貧しさからの脱出。勉強して損をしたことは一度もなかった。その1。

先日、中学生に人生を一発逆転させたければ、大学受験までの6年間だと話した。

普段あまり自分の体験談などを生徒には話さないが、この6年間という時間を大切にしてもらいたいという気持ちを伝えたくて、つい話をしてしまった。

自分のことを話さない理由は簡単だ。

それはn=1だからだ。再現性に乏しく一般化し難いからだ。

自分の家は決して裕福ではなかった。

中学時代参考書を買う金が無かったので、駅前の本屋で立ち読みをしては内容を覚え、忘れないようにダッシュで家に走って帰り、すぐにメモをした。

こう切り出すと、教室では何人かがくすくすと笑っていた。(その反応が普通。今時、こんな生徒はなかなかないと思う。)

参考書を読み比べることをこの時期に覚えた。もし1冊買っても良いと言われてもそれぞれの参考書に良さがあり、きっとその1冊が絞れなかった。全部欲しかった。
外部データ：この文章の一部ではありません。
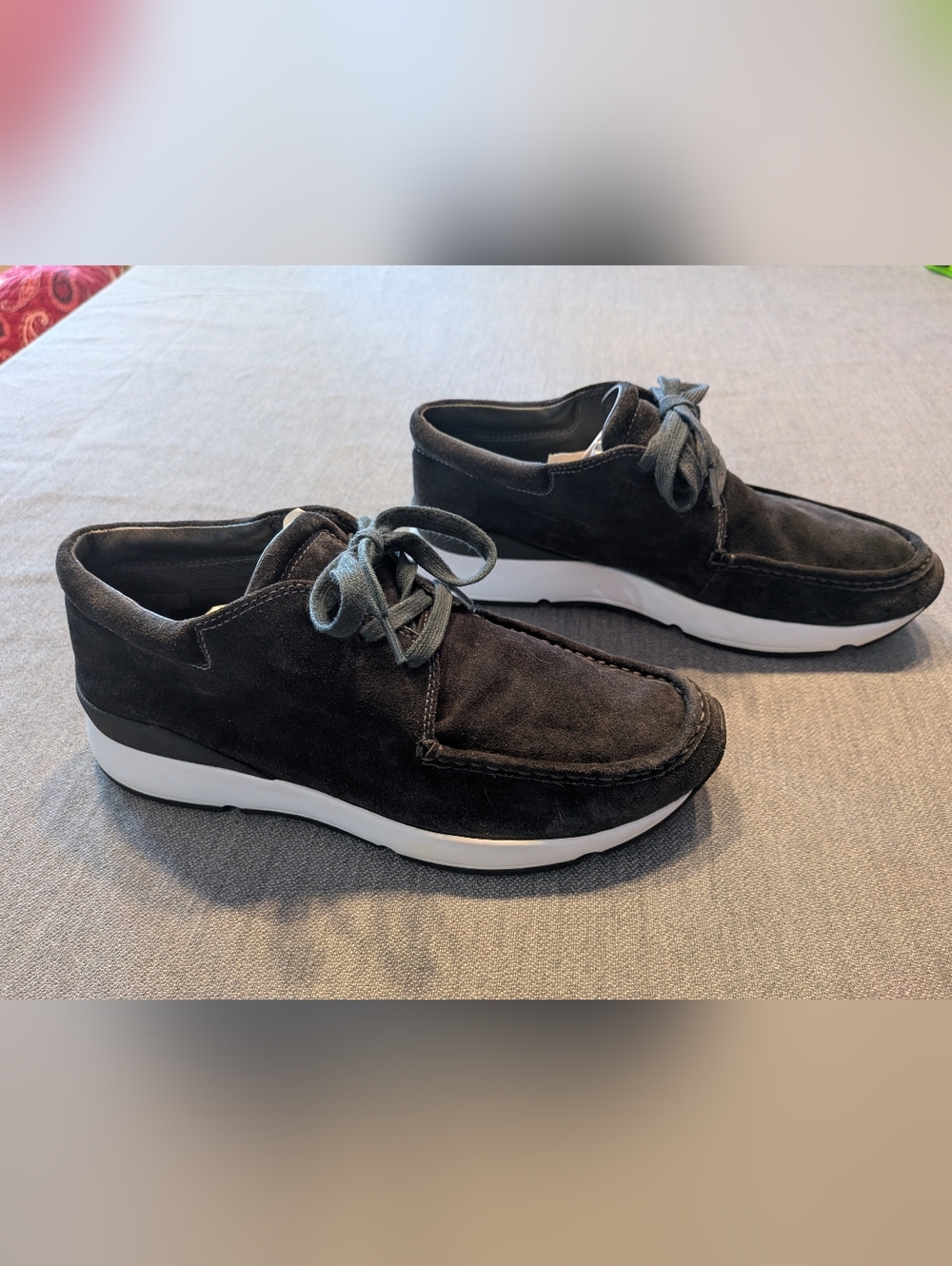 Vince Womens Size 39/9 Black Suede Leather interior soft Laceup Sneakers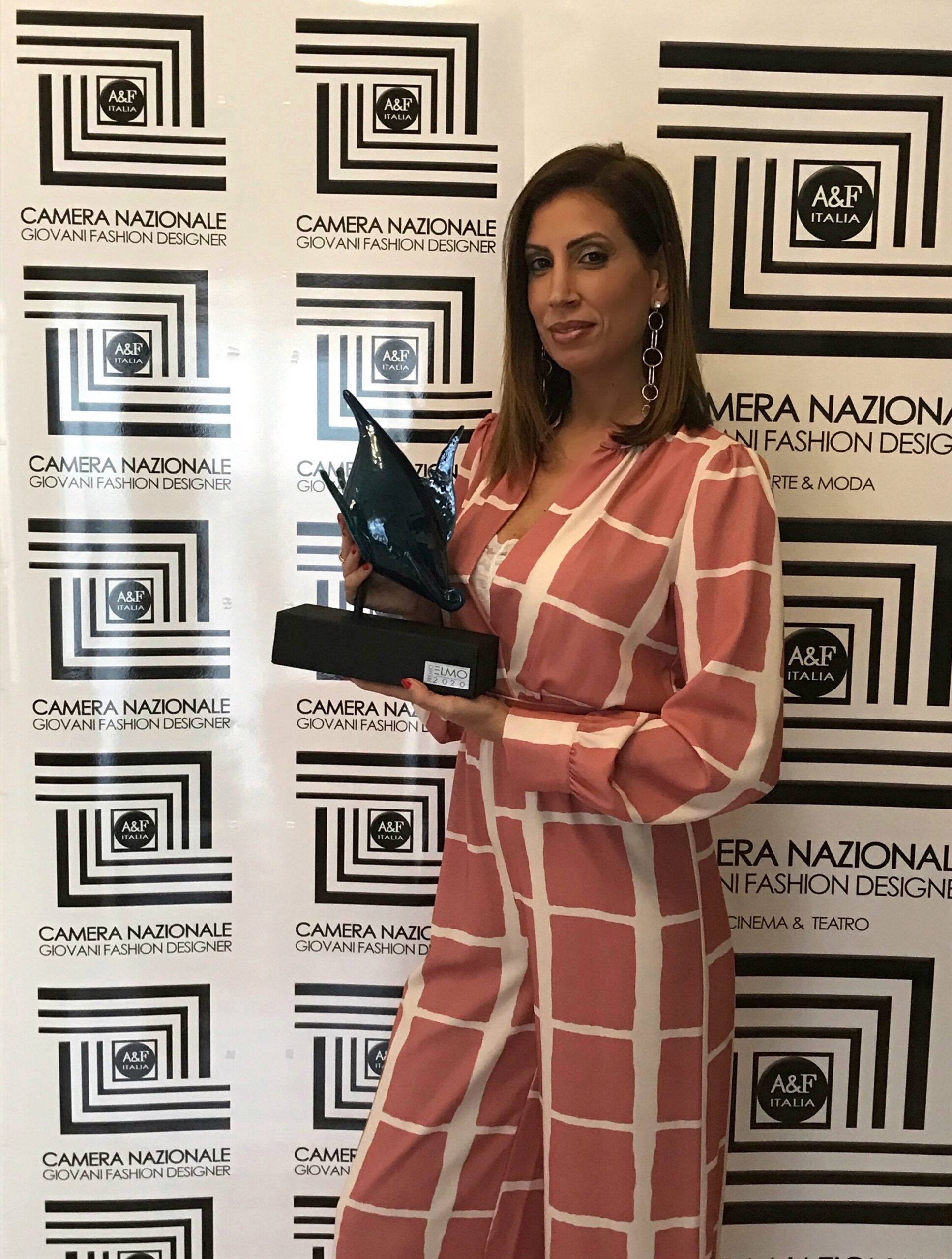 La presidente Alessandra Giulivo riceve il premio Elmo 2020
俺は中学受験をして私立に進学していた。だけどそれは勉強が出来たからとかそういうことではなく、地元の中学が悪すぎたからだ。大阪の南の方が地元で、卒業式の日には暴走族が校庭を走り回り、卒業生が鉄パイプを持って学校の窓を割りに来るという中学だった。そこに進学させたなくなかった母の想いで私立受験をした。

毎晩のように父と母は金のことで喧嘩をしていた。身内の恥をさらすようで恥ずかしいが父はパチンコに入り浸り月に2桁単位で金を投じていた。ご飯を知らせるために、よくパチンコに父を呼びに行った。教育費を工面する為に母はパートに出かけた。その金で俺は学校へは通わせてもらった。口論の原因は俺のせいだと分かっていたから口喧嘩の声を聞くのは辛かった。

だから、参考書を買ってなんてとてもじゃないが、言えなかった。

自分の通う学校には制服があってよかったと思う。当時私服で通学の学校だったらきっと毎日同じ服を着て通学していたと思う。今自分が教える地元塾の生徒は私服登校なのでもしかすると同じような境遇の子はいるかもしれない。

高校はどこでも良いが、大学はダメだというのが祖父から教えてもらったことだった。祖父は商社マンで数年に一度しか会えなかったが、会うたびに父は祖父の功績を話してくれた。将来、成功するには勉強でのし上がるしかない。もっと言えば、今その為にできることは勉強をすることくらいだ。そんな風に思っていた。

父はいつも祖父のことを話し終えると自分が反面教師であることを冗談交じりに話した。パチンコにのめり込んでいたが、今思へば仕事でのストレスだったのかもしれない。仕事に対しては真面目で、パチンコと金のことを除けば立派で今でも尊敬している。

中学に入ってからの成績は芳しくなかった。学年人数は90人くらいで、常に下から3番目だった。そのくせ部活もしていた。

今となっては部活をしていたことなんて何の言い訳にもならないが、当時は部活を断って勉強に専念することが、這い上がるための唯一の道だと思い部活をやめた。

新しいスパイクを買ってもらった直後だったので、部活を辞めてしまえばこのスパイクはもう二度と履かれることは無いんだと思うと泣けてきた。これも母が働いた金で買ったものだと思うと余計に悲しくなった。成績が上がるまではこれを懺悔の塊として残しておこうと決めた。

退路を断ってからは、勉強に勤しんだ。

と書けばかっこいいがそんなかっこ良さはどこにもなかった。

教科書を読んでも全然頭に入って来ないし、理解もできない。アホな自分が惨めで仕方なかった。

ここで諦めてなるものかと、句読点まで読んで分からなければもう一度読んでの繰り返し。どうしても背景が分からなければ本屋に走る。その繰り返し。格闘に格闘を重ねてやっと1行分の意味が理解できた。また次の1行と、それが2行、3行とちょっとずつちょっとずつ、それを重ねていく。

勉強は最初が一番しんどい。自転車の漕ぎ出しのようにふらつくし、漕いでも漕いでも遅々として前に進まず、安定など夢のまた夢。

英語は壊滅的で、中2になって一般動詞とbe動詞の区別もついていなかったと言えば分かるように、相当な落ちこぼれだ。

考えれば、今自分が教えている子達の方がよっぽど真面目で優秀だ。

毎日机に向かっては涙を流した。当時は本当に苦しかったが、粘り強くやる事で物事が少しずつ前に進むということが、この時理解できたのは人生の収穫だった。

泣いていたのはもちろん、自分の馬鹿さ加減に呆れていたからだ。